Object-Centric Learning with Slot Mixture Module
Daniil Kirilenko, Vitaliy Vorobyov, Alexey K. Kovalev, Aleksandr I. Panov
TL;DR
This work introduces the Slot Mixture Module (SMM), a Gaussian Mixture Model based extension to object-centric learning that represents each slot by a mean $μ_k$ and a diagonal covariance $Σ_{diag,k}$, and uses neural updates in place of traditional EM. By incorporating both cluster centers and inter-cluster distances through priors $π_k$, SMM yields richer slot representations that improve performance on set-property prediction and image reconstruction while enabling concept sampling.
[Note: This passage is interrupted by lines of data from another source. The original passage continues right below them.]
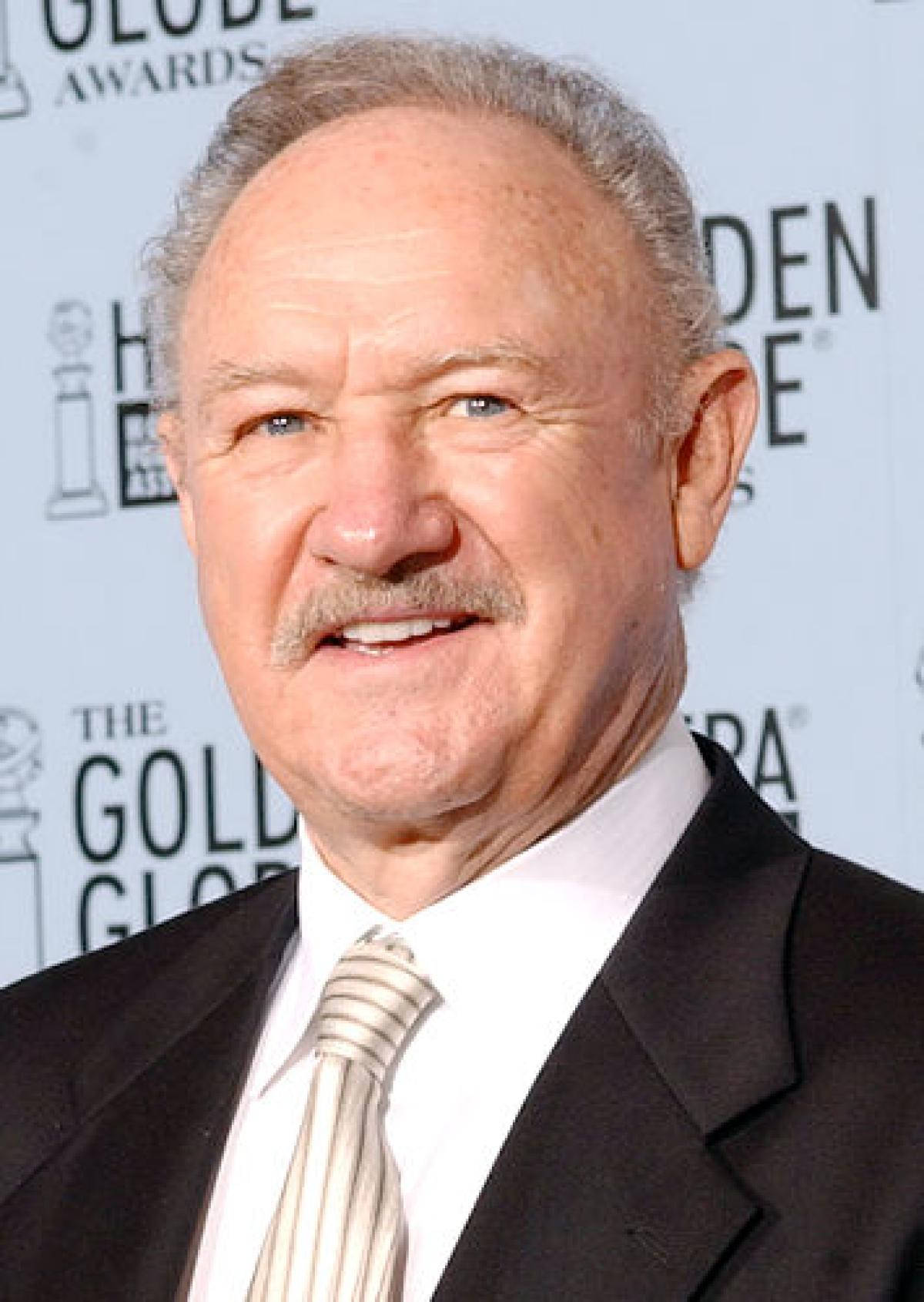 Gene Hackman In Golden Globe Background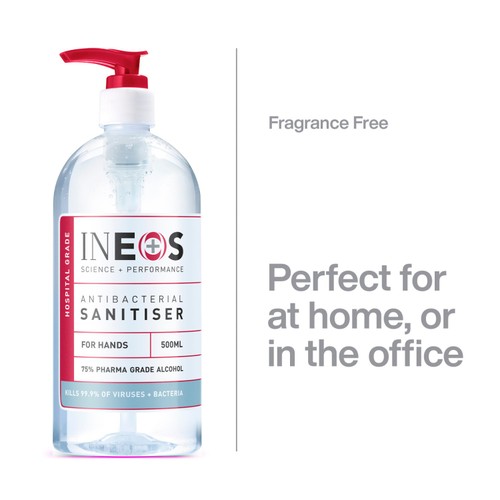 INEOS Anti Viral & Anti Bacterial Hand Sanitiser Gel thumbnail 3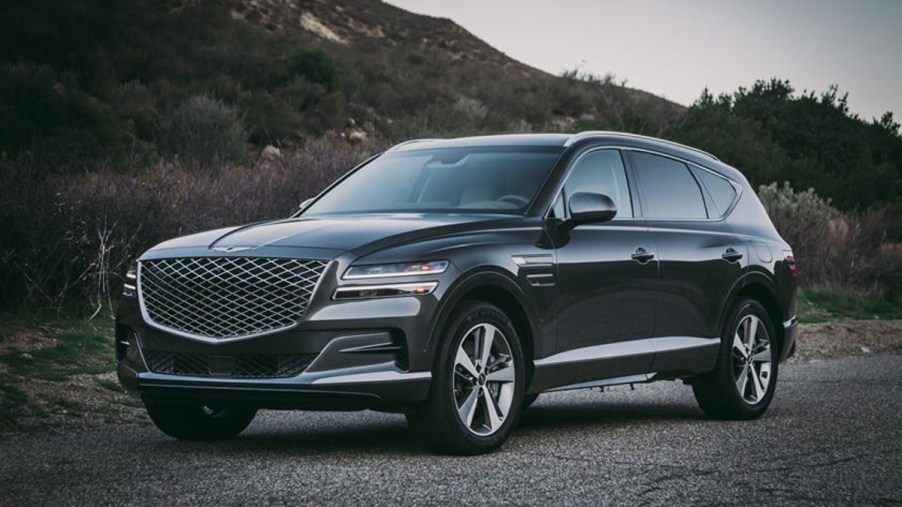 2022 Genesis GV80 on a dirt road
Across CLEVR, CLEVR-Mirror, ShapeStacks, ClevrTex, and COCO datasets, SMM achieves state-of-the-art results on stringent set-prediction thresholds and outperforms Slot Attention baselines on object discovery tasks. The approach advances robust, editable object-centric representations with potential benefits for reasoning, planning, and controllable scene editing in more complex, real-world data.
Abstract
Object-centric architectures usually apply a differentiable module to the entire feature map to decompose it into sets of entity representations called slots. Some of these methods structurally resemble clustering algorithms, where the cluster's center in latent space serves as a slot representation. Slot Attention is an example of such a method, acting as a learnable analog of the soft k-means algorithm. Our work employs a learnable clustering method based on the Gaussian Mixture Model. Unlike other approaches, we represent slots not only as centers of clusters but also incorporate information about the distance between clusters and assigned vectors, leading to more expressive slot representations. Our experiments demonstrate that using this approach instead of Slot Attention improves performance in object-centric scenarios, achieving state-of-the-art results in the set property prediction task.